2. Worship. Strategic praying before strategic planning. I would want every congregation facing choices before an uncertain future to commit to worshipping more regularly than ever, to pray communally for the guidance of the Holy Spirit.
3. I would ask each such congregation to assess their community's assets and needs determine one new ministry of outreach, however small, that brings the love of Christ to others.
4. The synod would pledge to make decisions together with each congregation. The ELCA constitution states that we should "Provide structures and decision-making processes for this church that foster mutuality and interdependence and that involve people in making decisions that affect them."
If a congregation persists in resisting all of the above, then the weight of decision-making would fall to others.
Faith formation is a vital part of congregational and synodical life. Children, youth, young adults, adults, and diaconal formation are especially important. As Bishop, how would you encourage and strengthen faith formation? Provide examples of faith-formation efforts you have led.
I would want synod staff who would focus with others on the needs and gifts of children, youth and college students. I would hope for some special attention with those with special needs. I would want to support our unique Diakonia program and other diaconal formation opportunities.
In my experience, some of the materials provided for faith formation by our wider church are not culturally competent in their assumptions about class, race, family make-up and special needs. Where that is true, I would hope to gather those interested in helping find and/or create materials that do reflect those competencies, in readily accessible formats to share.
I think it would be fun to have a Synod-wide Bible study once a year as a bridge-building exercise with materials spanning all age groups, including ideas for incorporating various arts in the exploration of a text.

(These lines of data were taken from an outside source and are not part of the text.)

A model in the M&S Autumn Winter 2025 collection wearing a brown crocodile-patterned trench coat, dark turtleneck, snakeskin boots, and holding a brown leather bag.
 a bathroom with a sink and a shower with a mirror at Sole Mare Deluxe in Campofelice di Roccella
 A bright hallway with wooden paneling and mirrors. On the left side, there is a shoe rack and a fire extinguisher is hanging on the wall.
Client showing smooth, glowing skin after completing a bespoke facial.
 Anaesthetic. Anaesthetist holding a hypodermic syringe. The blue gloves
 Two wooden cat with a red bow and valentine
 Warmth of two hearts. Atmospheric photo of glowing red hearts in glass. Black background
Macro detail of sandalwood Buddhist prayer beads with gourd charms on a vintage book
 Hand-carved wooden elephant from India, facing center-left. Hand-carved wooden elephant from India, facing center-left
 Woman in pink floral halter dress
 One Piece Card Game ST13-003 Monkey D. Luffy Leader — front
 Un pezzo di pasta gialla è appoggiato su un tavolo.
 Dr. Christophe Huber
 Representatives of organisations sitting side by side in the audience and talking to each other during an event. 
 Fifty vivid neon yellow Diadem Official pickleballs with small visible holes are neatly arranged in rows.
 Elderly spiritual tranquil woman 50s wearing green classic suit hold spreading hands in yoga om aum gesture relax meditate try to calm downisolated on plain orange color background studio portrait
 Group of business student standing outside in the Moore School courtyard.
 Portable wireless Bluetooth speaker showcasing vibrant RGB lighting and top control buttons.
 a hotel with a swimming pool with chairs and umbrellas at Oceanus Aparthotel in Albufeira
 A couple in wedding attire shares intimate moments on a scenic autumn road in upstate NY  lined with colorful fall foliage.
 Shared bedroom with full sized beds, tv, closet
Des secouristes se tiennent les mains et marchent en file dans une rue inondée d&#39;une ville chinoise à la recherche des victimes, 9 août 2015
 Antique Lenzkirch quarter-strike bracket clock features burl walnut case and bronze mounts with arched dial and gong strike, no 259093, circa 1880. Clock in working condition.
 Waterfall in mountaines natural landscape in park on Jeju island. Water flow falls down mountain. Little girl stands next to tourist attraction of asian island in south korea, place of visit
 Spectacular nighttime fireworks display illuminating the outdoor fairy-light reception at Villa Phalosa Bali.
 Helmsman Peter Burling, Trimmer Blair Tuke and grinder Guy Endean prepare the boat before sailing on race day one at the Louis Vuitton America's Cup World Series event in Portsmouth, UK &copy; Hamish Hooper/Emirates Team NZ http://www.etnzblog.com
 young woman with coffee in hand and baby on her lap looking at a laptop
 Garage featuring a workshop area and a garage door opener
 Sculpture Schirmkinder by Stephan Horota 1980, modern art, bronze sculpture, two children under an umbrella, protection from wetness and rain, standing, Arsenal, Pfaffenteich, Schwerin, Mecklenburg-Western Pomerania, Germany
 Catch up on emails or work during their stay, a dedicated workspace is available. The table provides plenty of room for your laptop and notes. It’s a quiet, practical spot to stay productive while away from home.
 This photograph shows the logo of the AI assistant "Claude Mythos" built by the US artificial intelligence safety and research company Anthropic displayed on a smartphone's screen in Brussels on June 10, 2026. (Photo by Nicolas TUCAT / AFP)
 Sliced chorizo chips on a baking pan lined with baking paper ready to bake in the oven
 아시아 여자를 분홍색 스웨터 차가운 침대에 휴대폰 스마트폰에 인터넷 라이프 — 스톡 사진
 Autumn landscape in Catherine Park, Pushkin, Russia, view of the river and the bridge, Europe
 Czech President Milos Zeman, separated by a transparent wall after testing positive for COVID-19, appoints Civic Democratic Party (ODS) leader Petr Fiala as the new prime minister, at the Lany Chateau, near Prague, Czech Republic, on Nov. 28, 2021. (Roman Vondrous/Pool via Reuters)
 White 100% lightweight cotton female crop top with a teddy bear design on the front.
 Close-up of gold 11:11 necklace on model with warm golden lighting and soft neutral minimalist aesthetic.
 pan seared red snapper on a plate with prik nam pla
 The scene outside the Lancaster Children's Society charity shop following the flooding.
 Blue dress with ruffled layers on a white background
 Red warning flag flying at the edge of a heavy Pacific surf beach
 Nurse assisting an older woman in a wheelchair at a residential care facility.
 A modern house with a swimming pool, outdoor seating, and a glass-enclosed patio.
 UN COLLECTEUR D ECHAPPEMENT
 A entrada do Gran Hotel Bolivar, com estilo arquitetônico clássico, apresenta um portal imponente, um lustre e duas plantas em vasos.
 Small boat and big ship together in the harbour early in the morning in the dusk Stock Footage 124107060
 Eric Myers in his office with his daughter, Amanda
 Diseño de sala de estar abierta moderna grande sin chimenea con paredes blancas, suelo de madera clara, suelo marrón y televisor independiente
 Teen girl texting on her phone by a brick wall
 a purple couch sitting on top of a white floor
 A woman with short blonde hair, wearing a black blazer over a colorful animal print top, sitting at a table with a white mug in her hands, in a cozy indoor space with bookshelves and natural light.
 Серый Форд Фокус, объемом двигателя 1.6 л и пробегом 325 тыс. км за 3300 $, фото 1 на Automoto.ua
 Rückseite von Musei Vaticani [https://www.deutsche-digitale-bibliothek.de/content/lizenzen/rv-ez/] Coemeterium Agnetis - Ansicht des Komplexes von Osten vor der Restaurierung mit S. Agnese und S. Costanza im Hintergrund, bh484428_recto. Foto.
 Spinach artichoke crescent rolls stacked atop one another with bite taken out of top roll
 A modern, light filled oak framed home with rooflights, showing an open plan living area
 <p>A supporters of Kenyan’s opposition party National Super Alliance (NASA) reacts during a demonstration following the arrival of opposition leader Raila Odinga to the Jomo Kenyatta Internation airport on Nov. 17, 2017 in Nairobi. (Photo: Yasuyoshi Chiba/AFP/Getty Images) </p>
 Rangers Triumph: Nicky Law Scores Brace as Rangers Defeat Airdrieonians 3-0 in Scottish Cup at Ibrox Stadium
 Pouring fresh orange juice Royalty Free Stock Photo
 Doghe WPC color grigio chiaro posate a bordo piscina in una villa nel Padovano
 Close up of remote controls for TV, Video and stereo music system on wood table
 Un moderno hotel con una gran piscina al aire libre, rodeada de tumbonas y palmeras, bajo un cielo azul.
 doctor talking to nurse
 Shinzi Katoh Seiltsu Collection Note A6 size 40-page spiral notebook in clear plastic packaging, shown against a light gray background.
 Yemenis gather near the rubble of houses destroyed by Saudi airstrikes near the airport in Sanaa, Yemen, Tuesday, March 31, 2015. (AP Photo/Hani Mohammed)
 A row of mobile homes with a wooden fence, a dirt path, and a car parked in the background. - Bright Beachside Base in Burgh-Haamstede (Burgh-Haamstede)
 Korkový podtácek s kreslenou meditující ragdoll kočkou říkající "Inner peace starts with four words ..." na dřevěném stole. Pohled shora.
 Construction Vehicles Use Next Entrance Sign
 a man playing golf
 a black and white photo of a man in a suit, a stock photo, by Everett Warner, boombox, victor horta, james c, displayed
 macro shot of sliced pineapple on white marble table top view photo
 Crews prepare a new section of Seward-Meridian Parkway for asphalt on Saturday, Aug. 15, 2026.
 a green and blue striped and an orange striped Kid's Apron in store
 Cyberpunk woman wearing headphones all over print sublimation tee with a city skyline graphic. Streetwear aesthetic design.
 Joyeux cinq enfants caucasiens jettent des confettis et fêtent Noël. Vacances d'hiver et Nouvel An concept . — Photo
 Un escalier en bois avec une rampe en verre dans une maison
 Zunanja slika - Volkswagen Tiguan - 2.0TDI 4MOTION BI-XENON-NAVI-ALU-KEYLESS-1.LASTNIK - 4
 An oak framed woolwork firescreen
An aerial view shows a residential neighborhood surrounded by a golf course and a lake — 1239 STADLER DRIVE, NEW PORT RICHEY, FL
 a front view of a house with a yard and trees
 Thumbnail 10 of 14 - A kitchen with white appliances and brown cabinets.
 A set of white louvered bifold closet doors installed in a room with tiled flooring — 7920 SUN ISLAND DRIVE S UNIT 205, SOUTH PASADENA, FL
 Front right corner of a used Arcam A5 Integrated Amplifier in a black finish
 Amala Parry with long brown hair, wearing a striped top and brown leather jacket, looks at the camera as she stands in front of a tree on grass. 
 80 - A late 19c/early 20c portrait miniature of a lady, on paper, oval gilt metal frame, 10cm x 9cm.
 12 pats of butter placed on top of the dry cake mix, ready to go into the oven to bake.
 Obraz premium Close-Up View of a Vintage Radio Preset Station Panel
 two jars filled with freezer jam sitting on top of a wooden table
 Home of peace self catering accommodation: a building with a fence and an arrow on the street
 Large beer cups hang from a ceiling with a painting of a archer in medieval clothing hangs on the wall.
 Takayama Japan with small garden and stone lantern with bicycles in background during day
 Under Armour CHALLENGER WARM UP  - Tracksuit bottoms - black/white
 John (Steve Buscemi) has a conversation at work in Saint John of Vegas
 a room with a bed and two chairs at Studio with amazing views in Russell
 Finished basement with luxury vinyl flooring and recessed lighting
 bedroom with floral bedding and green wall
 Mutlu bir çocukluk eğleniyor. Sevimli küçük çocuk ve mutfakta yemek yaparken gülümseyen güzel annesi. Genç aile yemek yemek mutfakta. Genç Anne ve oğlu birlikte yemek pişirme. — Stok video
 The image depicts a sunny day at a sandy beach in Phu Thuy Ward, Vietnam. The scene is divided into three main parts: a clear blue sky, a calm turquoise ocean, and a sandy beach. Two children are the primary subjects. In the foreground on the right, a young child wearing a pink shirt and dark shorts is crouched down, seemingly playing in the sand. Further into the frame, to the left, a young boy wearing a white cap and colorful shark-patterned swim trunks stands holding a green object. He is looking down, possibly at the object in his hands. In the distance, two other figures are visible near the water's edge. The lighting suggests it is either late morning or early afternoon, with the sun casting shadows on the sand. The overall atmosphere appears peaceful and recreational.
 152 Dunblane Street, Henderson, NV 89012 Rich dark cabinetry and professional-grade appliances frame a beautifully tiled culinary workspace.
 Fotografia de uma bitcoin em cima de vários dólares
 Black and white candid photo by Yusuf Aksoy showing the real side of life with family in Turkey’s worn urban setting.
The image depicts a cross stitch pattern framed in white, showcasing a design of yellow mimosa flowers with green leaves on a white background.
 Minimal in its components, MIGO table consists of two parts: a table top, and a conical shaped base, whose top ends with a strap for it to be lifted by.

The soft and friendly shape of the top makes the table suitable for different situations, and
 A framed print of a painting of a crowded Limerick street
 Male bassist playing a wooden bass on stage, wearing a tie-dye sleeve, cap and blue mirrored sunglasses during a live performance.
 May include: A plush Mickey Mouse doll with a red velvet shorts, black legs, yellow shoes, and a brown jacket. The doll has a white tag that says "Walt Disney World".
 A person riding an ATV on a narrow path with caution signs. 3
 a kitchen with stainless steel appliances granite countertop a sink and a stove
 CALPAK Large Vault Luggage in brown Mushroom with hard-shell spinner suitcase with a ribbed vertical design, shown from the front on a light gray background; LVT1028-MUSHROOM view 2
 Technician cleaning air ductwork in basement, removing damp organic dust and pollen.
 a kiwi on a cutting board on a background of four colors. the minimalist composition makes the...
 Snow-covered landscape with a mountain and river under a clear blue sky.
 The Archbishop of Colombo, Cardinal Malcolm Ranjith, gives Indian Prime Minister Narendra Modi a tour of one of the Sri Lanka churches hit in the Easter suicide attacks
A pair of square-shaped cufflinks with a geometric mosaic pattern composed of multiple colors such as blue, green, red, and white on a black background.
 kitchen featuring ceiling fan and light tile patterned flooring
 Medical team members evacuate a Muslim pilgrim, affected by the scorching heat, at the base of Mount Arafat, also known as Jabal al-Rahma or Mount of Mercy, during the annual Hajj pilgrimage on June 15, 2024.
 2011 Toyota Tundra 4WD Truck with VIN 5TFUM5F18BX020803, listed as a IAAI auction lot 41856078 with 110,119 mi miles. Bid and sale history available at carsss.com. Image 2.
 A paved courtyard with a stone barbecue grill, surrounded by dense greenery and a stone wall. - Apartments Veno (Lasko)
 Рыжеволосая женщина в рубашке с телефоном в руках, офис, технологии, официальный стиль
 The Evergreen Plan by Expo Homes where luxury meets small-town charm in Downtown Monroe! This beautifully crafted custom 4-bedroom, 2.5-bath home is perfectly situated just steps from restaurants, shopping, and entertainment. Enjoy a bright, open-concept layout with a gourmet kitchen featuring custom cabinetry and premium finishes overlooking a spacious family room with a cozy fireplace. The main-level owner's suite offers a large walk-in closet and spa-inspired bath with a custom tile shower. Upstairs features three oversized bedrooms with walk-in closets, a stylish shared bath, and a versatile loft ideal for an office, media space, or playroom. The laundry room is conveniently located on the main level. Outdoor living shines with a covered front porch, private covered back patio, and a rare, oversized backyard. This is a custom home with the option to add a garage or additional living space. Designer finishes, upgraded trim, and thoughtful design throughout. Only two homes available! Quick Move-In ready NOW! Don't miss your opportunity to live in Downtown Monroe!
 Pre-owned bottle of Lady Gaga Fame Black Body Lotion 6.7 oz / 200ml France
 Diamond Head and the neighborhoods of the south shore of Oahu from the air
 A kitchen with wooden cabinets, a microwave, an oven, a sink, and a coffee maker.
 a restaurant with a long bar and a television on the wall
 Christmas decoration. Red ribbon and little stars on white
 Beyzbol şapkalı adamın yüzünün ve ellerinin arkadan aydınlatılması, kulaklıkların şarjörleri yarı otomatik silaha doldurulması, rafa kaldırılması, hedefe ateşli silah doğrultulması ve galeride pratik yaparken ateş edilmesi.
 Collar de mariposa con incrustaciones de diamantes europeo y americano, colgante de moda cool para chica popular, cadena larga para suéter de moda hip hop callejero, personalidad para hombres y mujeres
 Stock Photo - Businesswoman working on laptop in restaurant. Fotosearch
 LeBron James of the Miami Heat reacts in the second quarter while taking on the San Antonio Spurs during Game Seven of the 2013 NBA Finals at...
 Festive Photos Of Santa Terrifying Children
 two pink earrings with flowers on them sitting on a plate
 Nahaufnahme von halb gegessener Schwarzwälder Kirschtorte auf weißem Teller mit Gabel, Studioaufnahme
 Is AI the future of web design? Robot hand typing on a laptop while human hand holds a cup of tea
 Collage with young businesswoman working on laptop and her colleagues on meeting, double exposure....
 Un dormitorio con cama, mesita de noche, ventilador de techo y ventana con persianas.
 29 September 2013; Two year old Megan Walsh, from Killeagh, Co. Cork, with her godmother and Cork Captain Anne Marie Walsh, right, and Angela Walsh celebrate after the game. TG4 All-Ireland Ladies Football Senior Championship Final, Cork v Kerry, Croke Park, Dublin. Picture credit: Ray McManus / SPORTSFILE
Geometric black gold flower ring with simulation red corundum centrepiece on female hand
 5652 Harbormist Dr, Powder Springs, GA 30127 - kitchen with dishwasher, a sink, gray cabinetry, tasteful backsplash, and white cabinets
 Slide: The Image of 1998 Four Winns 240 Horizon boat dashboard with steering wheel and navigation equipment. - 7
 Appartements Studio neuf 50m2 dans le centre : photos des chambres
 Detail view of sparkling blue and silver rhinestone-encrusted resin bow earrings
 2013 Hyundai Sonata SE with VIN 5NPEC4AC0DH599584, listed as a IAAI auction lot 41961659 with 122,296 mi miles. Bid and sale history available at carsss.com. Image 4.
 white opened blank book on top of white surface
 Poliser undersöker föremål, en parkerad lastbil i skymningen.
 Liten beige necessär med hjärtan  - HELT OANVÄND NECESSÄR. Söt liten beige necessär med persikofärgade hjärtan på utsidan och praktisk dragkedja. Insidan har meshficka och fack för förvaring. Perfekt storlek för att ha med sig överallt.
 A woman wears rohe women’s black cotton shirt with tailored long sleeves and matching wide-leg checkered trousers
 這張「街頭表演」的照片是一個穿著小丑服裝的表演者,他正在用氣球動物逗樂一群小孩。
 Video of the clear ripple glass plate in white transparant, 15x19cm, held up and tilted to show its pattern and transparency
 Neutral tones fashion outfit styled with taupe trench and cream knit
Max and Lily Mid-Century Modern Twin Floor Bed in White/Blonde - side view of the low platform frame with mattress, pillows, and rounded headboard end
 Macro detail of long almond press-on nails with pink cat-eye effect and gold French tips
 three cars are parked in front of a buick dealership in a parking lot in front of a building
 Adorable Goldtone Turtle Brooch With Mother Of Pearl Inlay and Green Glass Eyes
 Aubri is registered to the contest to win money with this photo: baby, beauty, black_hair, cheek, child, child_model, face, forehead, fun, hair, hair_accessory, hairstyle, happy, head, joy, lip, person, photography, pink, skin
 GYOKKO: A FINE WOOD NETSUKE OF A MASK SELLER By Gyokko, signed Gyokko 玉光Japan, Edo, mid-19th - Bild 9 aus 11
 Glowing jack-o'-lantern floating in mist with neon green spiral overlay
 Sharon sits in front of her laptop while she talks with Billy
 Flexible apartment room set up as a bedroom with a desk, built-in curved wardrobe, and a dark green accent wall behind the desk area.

I know that domestic and international mission trips, if done well in a non-paternalistic way, can make profound contributions to faith formation. I also believe that young people should not have to leave the country, or even the synod, to find church life that fires the imagination and invigorates faith. I would like to see youth, and even children, go on fact-finding, or better yet, faith-finding missions from one end of the synod to another. I’d like to see the children and youth return to teach adults about what they have seen and heard.
I would like to support every area in our synod to have greater access to some of the many world-class theologians, Biblical scholars and thinkers on our territory.
Two examples of faith-formation efforts I have led are:
1. Wee Worship- Wee Worship began as an opportunity for very young children to learn about worship by coming to worship with their families at a liturgy sensitive to the particular needs and gifts of wee ones. We have Holy Communion every week, served by trained children, but it is a shorter service. I use puppets for the sermon time. We have four year olds who can tell you more about the church year than many adults.
2. We started a kind of weekly Dinner Church which transitioned into a meal followed by Bible study and prayer. Most of the people were not regular church attenders and so we've spent more time on faith formation. We average 20-30 people in the study every week which is many more than we've ever had.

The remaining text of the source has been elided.